My expectations were low, cuz reunions of circa-1970 Miles orbiters tend to be wanky. And not in the good ole way, like coked to the gills, loaded with notions and busting with rockdick energy. More like ommmmmmmcleeeeeeeeearzzzzzzzzz. So imagine my disappointment when I failed to hate a single minute of the double-disc album assembled from last year’s tour by Chick Corea, Lenny White, Stanley Clarke and Al DiMeola, who had not been known as Return to Forever for the previous quarter-century.

These old soldiers were plainly delighted to lock shields again, and for good reason, because you find this kind of ensemble magic almost nowhere. Though they tap mostly the hits of their late’-‘70s glory days, RTF aren’t “falling back” on the past; they sound as spontaneous as if they just wrote the tunes, and as tight as if they’ve been touring ‘em for years. The performances, in fact, sizzle so hard that I assumed the gang must’ve recorded every show and picked the best, but scrutiny reveals that the 15 tracks were drawn from only three gigs.

Corea’s keyboards and DiMeola’s guitar show a special affinity -- the gamboling fast unisons on “Romantic Warrior,” the aggro counterpunches on “Hymn of the Seventh Galaxy,” the dual leads on “Sorceress” that make for an effect like random echo. Corea dishes out his full historical vocabulary, from Monk to funk, as well as his full sonic bag, from crisp semiacoustic to talking wah. On electric and acoustic, DiMeola gets the crowds screaming for his speed and sighing for his Spanish subtlety.

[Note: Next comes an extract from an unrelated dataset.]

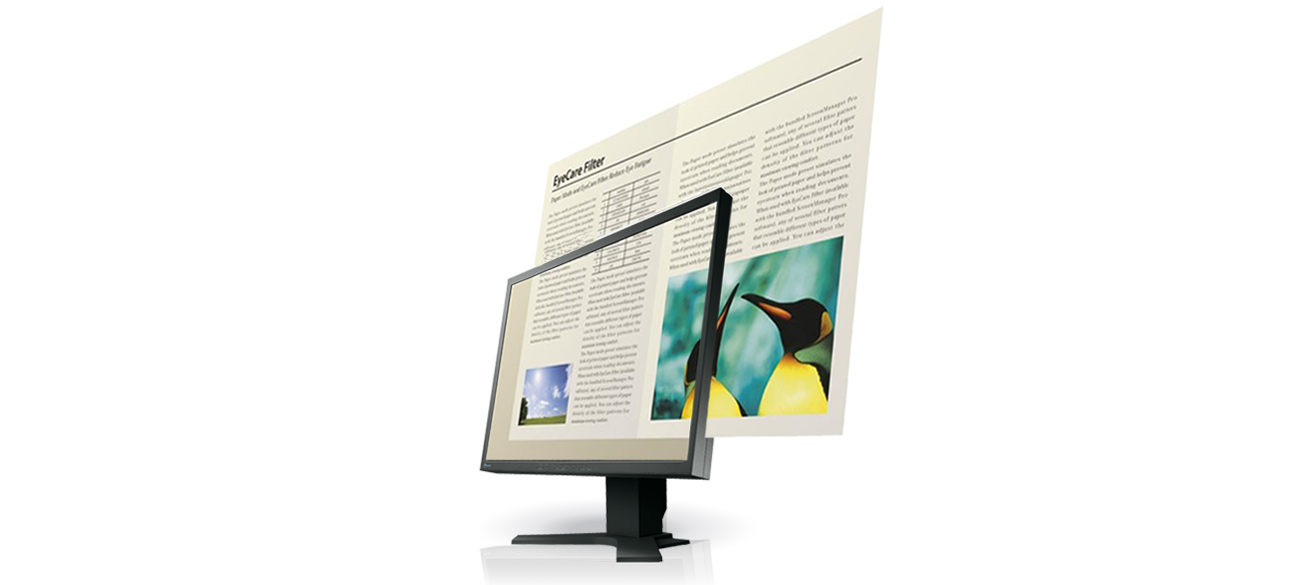 Eizo S2133-BK tryb papier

The scariest solos belong to Clarke, who works out on both rubber-bullet electric and amazingly precise, sometimes dissonant standup -- even poking us in the ribs during “El Bayo de Negro” when he grinds suddenly from long-tone vibrato and rapid pizzicato to a fatback Willie Dixon duh-DAH-doo-dat, and then takes off hyperslapping like Moe Stooge in fast-forward. It couldn’t hang together, of course, without White’s unobtrusively heavy slog. Just focus on him during the wide-wandering “Duel of the Jester and the Tyrant”: He guides the mood from sci-fi wonder to perky counterpoint to gypsy caravan, pumping the groove with ever greater urgency while allowing himself just a touch of counteraccent elasticity. Genius.

The music isn’t crazy, but it’s emotional. And confident, powerful. Middle is a good age.

This reviews the CD; the DVD just came out. Read Brendan Mullen’s 2008 live MetalJazz review of Return to Forever here.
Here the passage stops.